A well-drafted, legally binding contract at the outset of any transaction is paramount to protecting your business from risks and liabilities. Contracts are essentially your sword and shield when it comes to people and entities that want to sue you—or that you want to sue. As a business, you have a very real target on your back.

Perhaps one of the most egregious (and, unfortunately, common) mistakes we have seen business owners make is to draft up their own contracts either on their own or through free DIY templates online. The problem with this approach is that it doesn’t take into account contract law nuances that may exist in your state, it’s not necessarily tailored to your situation, and it’s just overall a bad idea to try and replace an experienced lawyer’s guidance with something you find on the internet. The dollars you save not hiring a lawyer could be a minuscule percentage compared to what you will have to pay if a contract dispute goes to court.

Consider this: Contract disputes make up roughly 60% of about 20 million cases filed each year.

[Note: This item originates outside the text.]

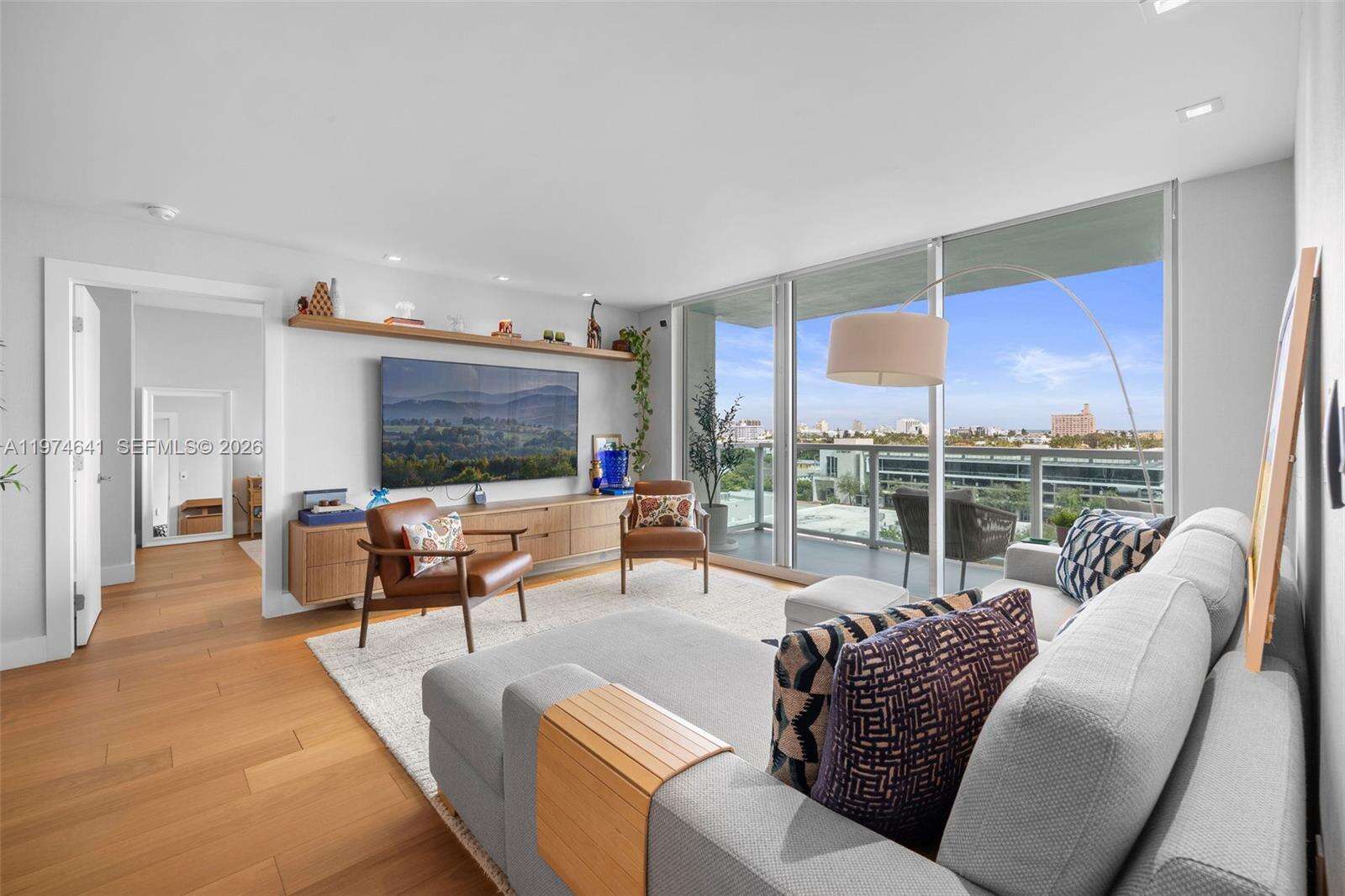 THE FLORIDIAN - 650 W Ave, Miami Beach, FL 33139 | Picture 3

Going to court over a contract dispute can—and does—get very expensive. As such, if you haven’t gotten your contracts reviewed by an experienced business attorney, you’ll want to do so as soon as possible. We at Rodriguez-Albizu Law, P.A. work hard to ensure that your existing contracts are as strong as they can be, and we can draft new ones for you so as to minimize your exposure to risks. We have helped fortify many businesses’ contracts, and would be more than happy to help you with yours.

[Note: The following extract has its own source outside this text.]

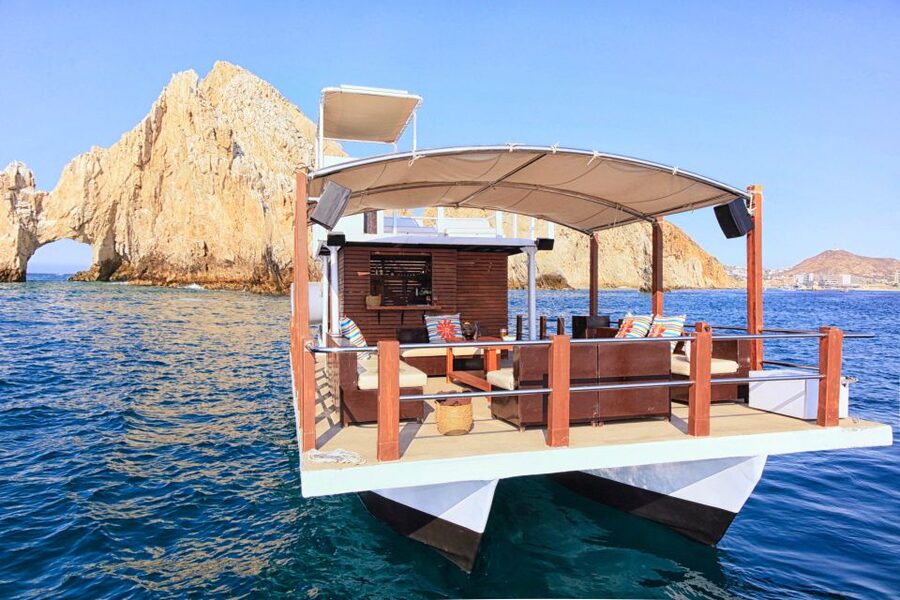 Cabo San Lucas: Private Catamaran Tour with Snorkeling - The crew and the private-group advantage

With that said, we want to review with you the five most essential clauses you should have in every contract you sign.

1. Attorney’s Fees

There should always be a clause explaining which party pays the attorney’s fees in the event of a contract dispute, along with the associated court fees. In Florida, the other party does NOT have to pay your attorney’s fees if you prevail. This is called the American Rule, and is used by the state of Florida as well as the majority of states and jurisdictions in the U.S.

The American Rule states that attorney’s fees can only be awarded if it is stated in the contract that the losing party has to do so, or if it is authorized by statute. Having this clause can therefore act as a deterrent for frivolous or meritless lawsuits against your business, as most people think twice about suing someone if they know beforehand that if they lose the lawsuit they also stand at a substantial risk of having to pay back the prevailing party’s attorneys’ fees and costs.

2. Jurisdiction, Forum, and Choice of Law

Every contract should expressly state which state laws a dispute would be litigated under should it ever come to that. This is important because one state may be significantly more sympathetic towards businesses or vice versa. Essentially, choosing your jurisdiction allows you to have control over potential lawsuits that could come your way, especially if you have many out-of-state customers or clients. You will want to specify exactly where you want the venue to be and which state’s laws will apply to your dispute. A good choice of law and venue clause can also act as a deterrent to lawsuits if out-of-state customers or clients know they can’t sue your business in their hometown but rather are forced to litigate their dispute in your backyard.  The good news is that a good business lawyer knows exactly where sympathetic juries are more likely to be, and they can help you understand where it’s best to set as your venue.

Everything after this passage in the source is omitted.